Data meshes rely on consistent data governance differently, one that “is much more than a technology architecture or approach,” Teo explains. “Establishing a model of ‘Distributed Data Products’ model relies on successful organizational cooperation and change as well.”
Companies need to consider how different, distributed “domain custodians” are empowered with the right governance models. In addition, the companies need to ensure “consistent visibility of the data assets, self-serve data facilities and more,” Teo adds.
Data meshes add an additional requirement. “With data mesh, the central data governance focus is to establish standards that allow flexibility and interoperability, instead of mainly focusing on policy control objectives,” explains Teo.
Finding the starting point
So how can companies start this data governance and embrace these new data architectural concepts?
Well, for starters, it should not be seen as replacing a data lake or data lakehouse, says Teo. “For example, data warehouses and data lakes can still exist in the mesh architecture, but they become just another node in the mesh, rather than a centralized monolith.”

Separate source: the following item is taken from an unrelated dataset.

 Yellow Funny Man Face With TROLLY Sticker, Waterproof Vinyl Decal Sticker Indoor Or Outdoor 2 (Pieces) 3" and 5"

Instead, companies need to prioritize strategic governance factors and leverage their data management organization structures and operating model, “perhaps adapted to the type of interactions envisioned by a data mesh framework,” adds Teo.
This means empowering the appropriate data owners, custodians, and technical and policy standards that allow data products to be developed, discovered, interchanged, and used reliably.
Teo observes that some organizations in the region are beginning to explore these architectural patterns and concepts, given that data productization can unlock greater agility and competitiveness.
“The idea of the data catalog and ‘Enterprise Metadata’ has really taken hold as the foundational element to allow management of the disparate or hybrid IT ecosystems most organizations have,” says Teo.
“A common, enriched view of data assets in different data stores, structures, and data environments, where on-premises or in the cloud, will allow for common data management practices and unified data consumption and usage experiences,” he adds.
With a proper data governance framework, companies can start solving complex data problems and confidently choose the right data architecture to scale their models quickly. It becomes especially vital as companywide AI plays a more significant role in helping Asia Pacific businesses navigate a challenging market environment.